WORK TASK: Your task is to copy the listing exactly. Drop any pictures from the copy.

---

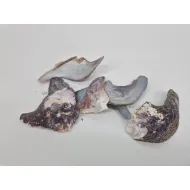 Shells mallus albus +/-300gr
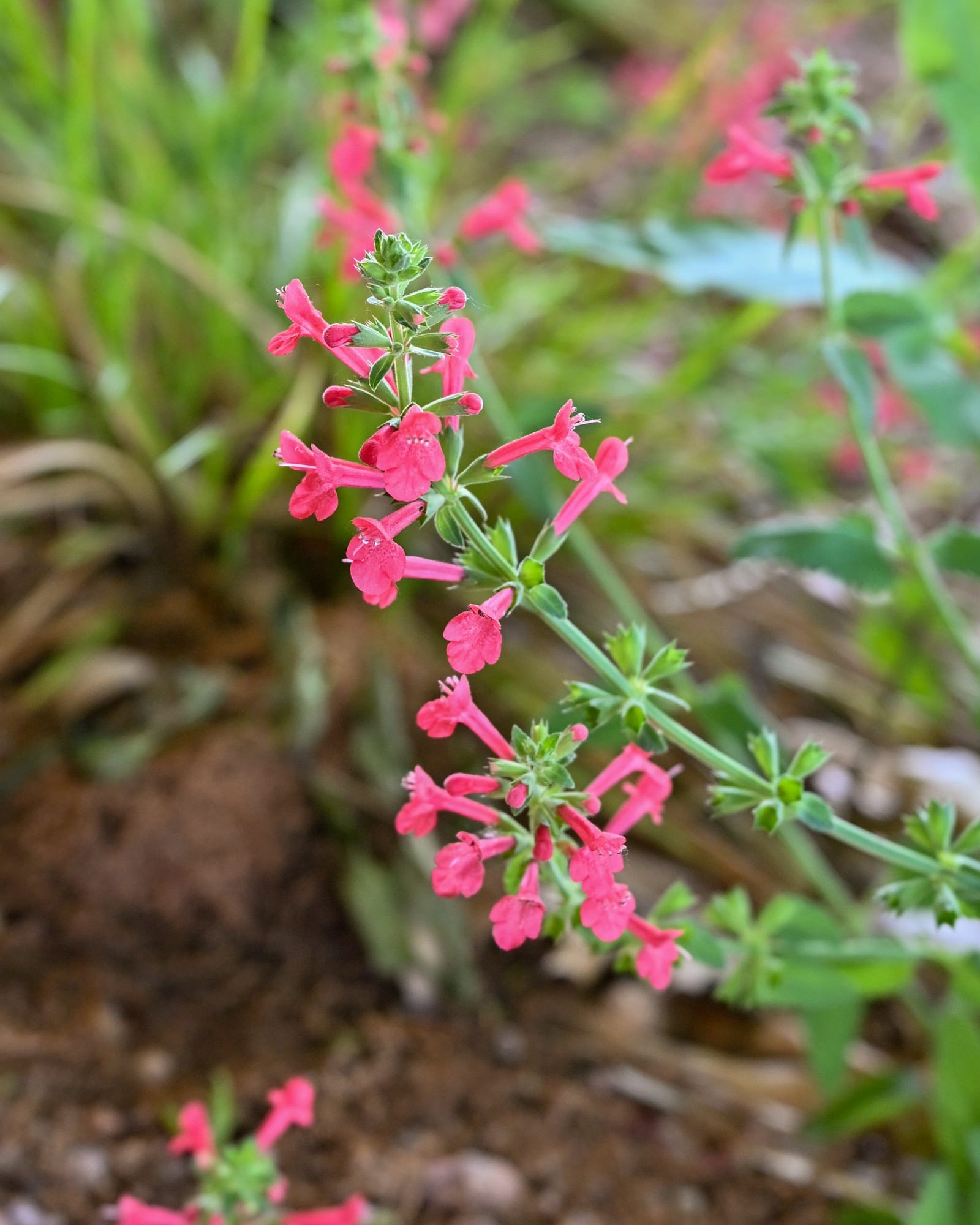 Cedar Sage Salvia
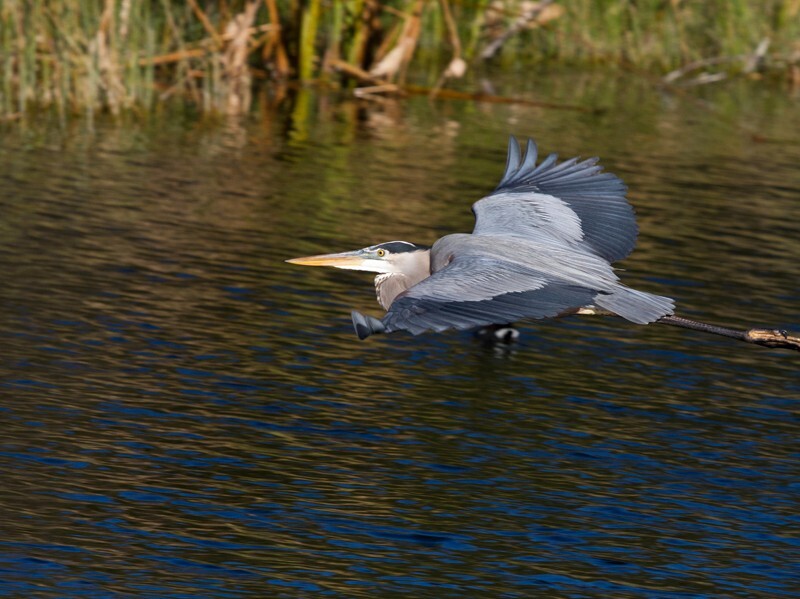 Great Blue Heron _0076 - Great Blue Heron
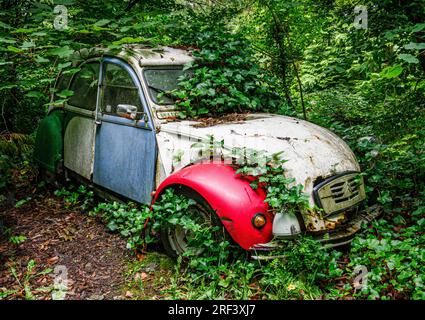 Last resting place of a classic Citroen 2CV car in a Derbyshire wood UK Stock Photo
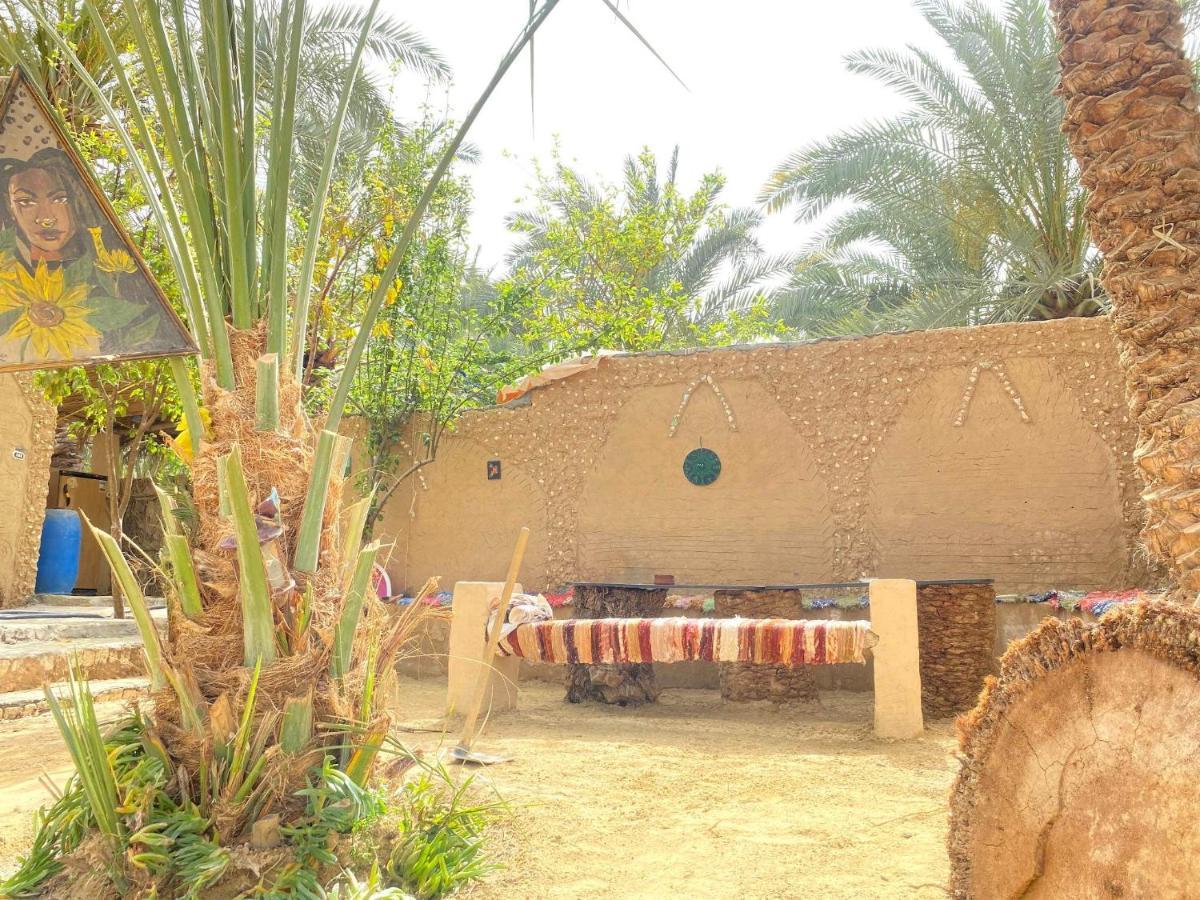 Forest Camp Siwa - كامب الغابة Siwa Oasis Buitenkant foto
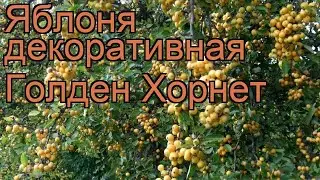 Яблоня декоративная Голден Хорнет (golden hornet) 🌿 обзор: как сажать, саженцы яблони Голден Хорнет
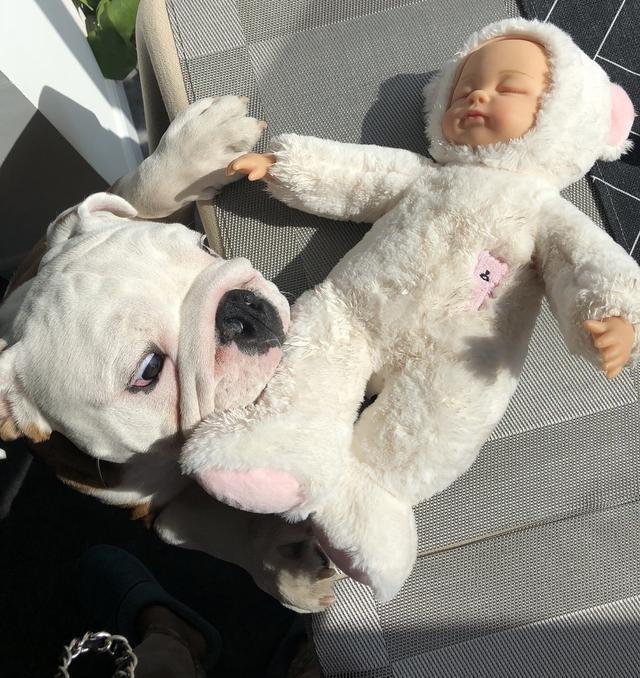 养一只斗牛犬到底要花多少钱？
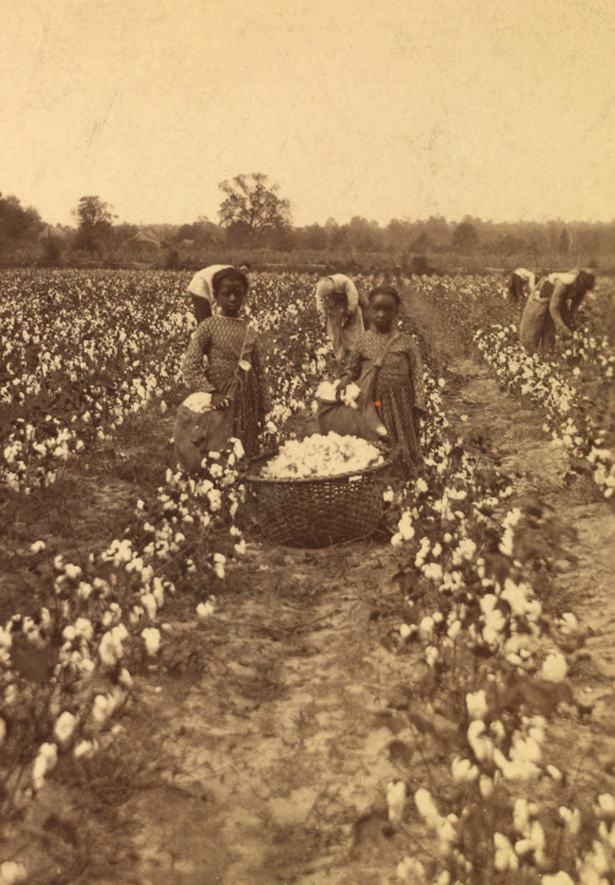 African American children picking cotton, 1870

---

COMPLETED EXERCISE:
 Shells mallus albus +/-300gr
 Cedar Sage Salvia
 Great Blue Heron _0076 - Great Blue Heron
 Last resting place of a classic Citroen 2CV car in a Derbyshire wood UK Stock Photo
 Forest Camp Siwa - كامب الغابة Siwa Oasis Buitenkant foto
 Яблоня декоративная Голден Хорнет (golden hornet) 🌿 обзор: как сажать, саженцы яблони Голден Хорнет
 养一只斗牛犬到底要花多少钱？
 African American children picking cotton, 1870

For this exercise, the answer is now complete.